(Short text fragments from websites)
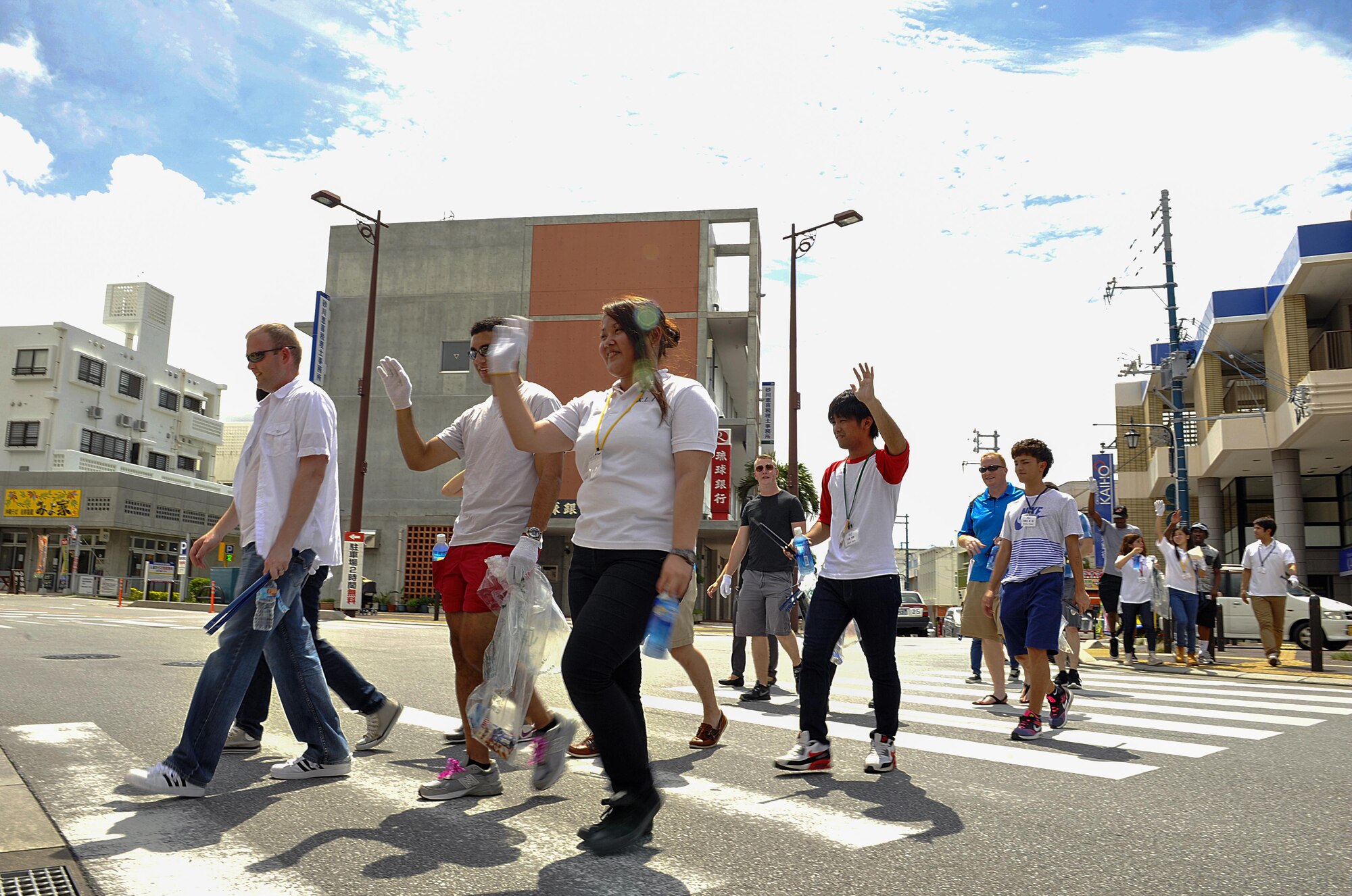 Kadena Language Institute students clean up Kadena Town Main Street alongside volunteers from 18th Wing at Kadena Town, Japan, Aug. 14, 2015. KLI is a two-year vocational school where students ages 19-24 learn different languages including English and study Okinawan culture. (U.S. Air Force photo by Naoto Anazawa/Released)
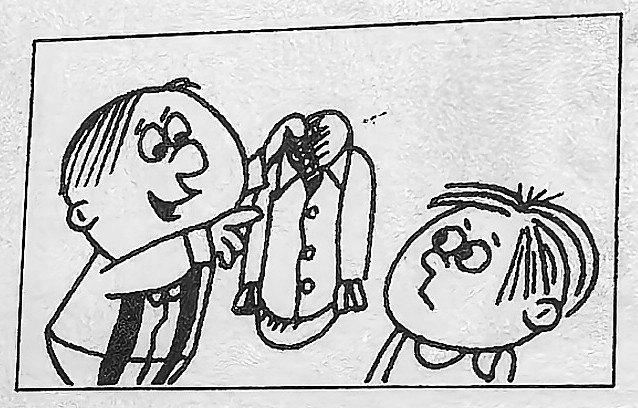 A boy points to a shirt he is holding.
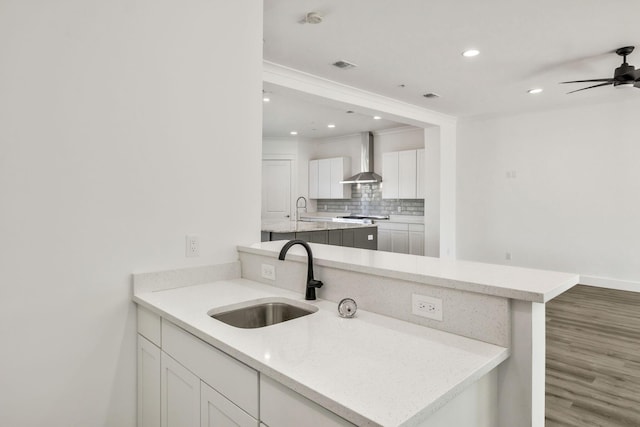 kitchen with wood finished floors, visible vents, a sink, wall chimney range hood, and tasteful backsplash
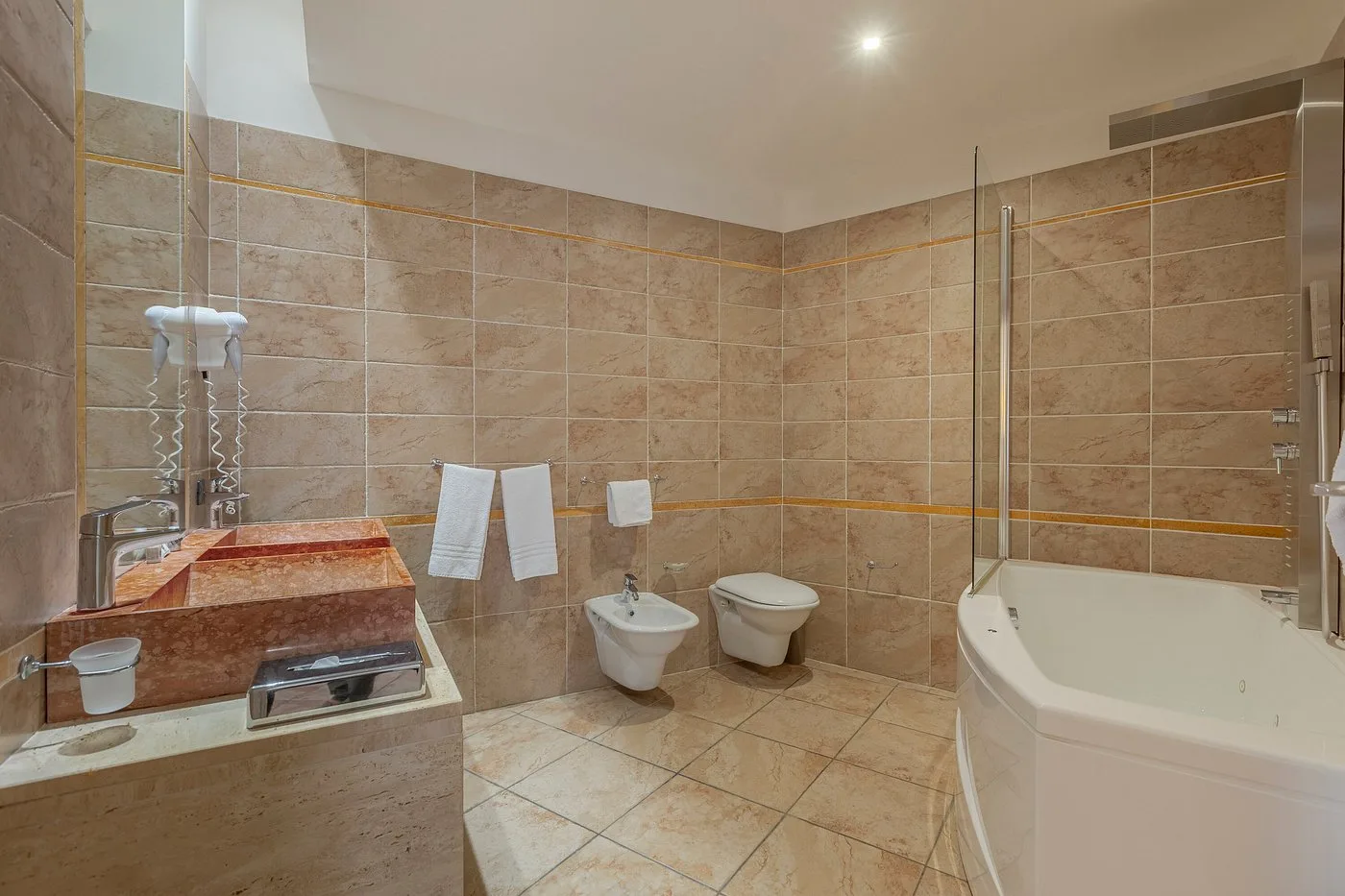 Bagno moderno con vasca idromassaggio angolare, lavabo in marmo rosso, bidet e WC
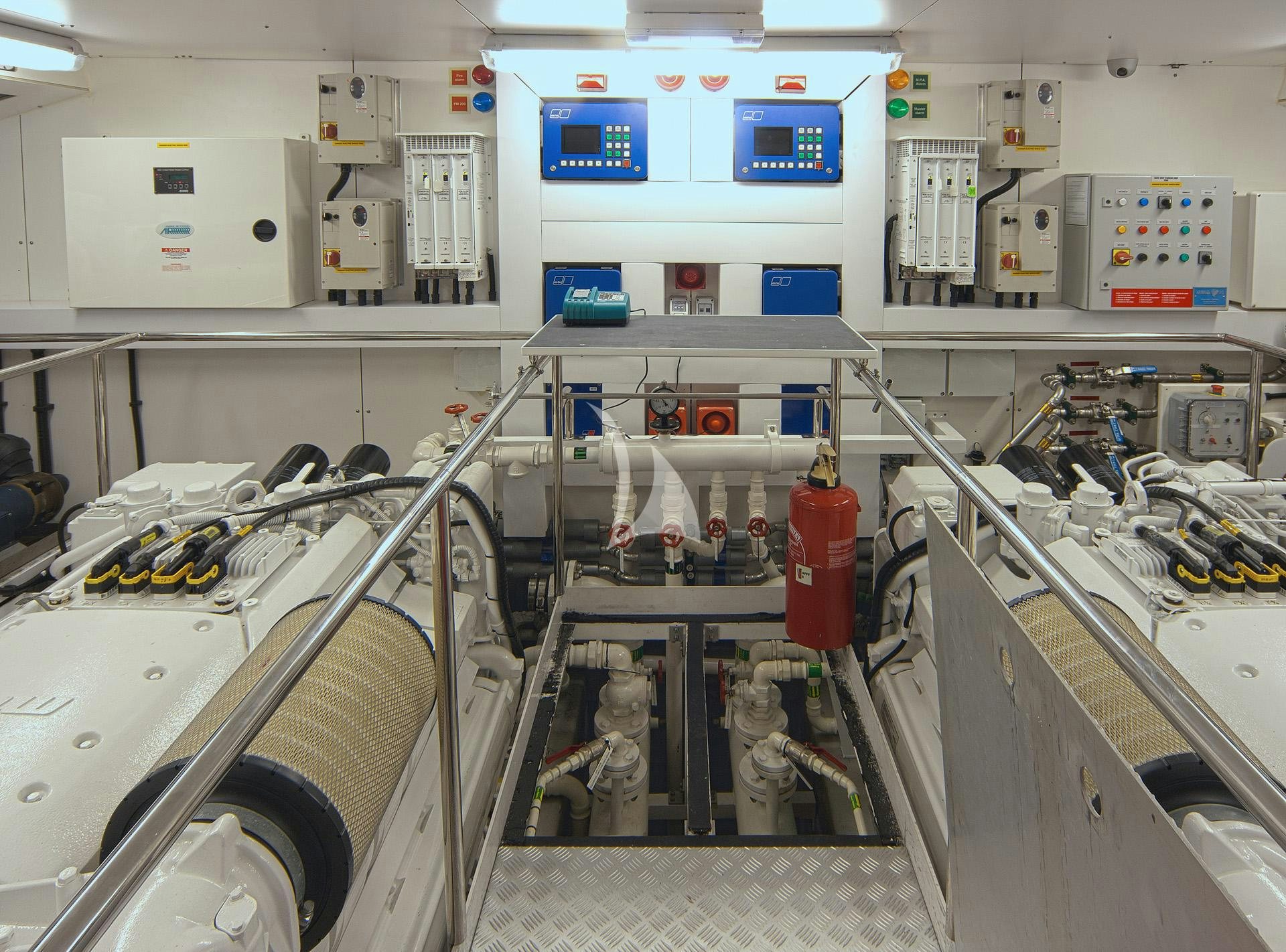 a room with machinery and machinery aboard ARAGO Yacht for Charter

Directions: From the line containing "Bagno moderno con" to the end of the data above, give those lines again verbatim, with both endpoints included and no images.

Result:
 Bagno moderno con vasca idromassaggio angolare, lavabo in marmo rosso, bidet e WC
 a room with machinery and machinery aboard ARAGO Yacht for Charter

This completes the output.